## EXERCISE
Show every line of the data that contains the string "Pattern".

══ DATA SHOWN ══

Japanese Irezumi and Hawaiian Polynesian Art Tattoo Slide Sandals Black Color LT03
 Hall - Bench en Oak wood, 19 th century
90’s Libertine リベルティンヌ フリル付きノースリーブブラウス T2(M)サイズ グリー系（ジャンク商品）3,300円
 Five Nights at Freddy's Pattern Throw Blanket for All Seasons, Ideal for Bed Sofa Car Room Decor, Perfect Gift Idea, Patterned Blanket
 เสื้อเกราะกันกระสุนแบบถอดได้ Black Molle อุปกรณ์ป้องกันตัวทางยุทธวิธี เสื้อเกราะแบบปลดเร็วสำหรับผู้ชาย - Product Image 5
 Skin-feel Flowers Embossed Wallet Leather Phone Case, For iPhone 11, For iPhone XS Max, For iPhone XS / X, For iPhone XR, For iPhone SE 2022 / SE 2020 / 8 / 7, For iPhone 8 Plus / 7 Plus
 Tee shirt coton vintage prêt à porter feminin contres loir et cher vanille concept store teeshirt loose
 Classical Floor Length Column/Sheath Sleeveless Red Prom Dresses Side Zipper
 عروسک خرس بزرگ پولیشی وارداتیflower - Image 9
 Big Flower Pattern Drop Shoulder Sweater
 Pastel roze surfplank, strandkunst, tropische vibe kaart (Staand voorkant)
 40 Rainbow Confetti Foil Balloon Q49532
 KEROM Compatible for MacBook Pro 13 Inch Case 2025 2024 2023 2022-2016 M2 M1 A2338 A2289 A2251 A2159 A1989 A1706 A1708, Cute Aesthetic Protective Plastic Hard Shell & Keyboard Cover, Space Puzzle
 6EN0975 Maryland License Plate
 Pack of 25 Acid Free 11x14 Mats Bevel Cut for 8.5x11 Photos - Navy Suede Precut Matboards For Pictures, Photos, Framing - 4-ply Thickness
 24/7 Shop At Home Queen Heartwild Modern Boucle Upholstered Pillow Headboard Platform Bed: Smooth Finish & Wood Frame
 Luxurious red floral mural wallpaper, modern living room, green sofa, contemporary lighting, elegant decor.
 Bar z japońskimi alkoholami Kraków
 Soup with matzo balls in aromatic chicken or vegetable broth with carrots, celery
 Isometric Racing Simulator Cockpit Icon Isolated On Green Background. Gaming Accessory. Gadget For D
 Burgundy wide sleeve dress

═══

## WRITTEN ANSWER
 Five Nights at Freddy's Pattern Throw Blanket for All Seasons, Ideal for Bed Sofa Car Room Decor, Perfect Gift Idea, Patterned Blanket
 Big Flower Pattern Drop Shoulder Sweater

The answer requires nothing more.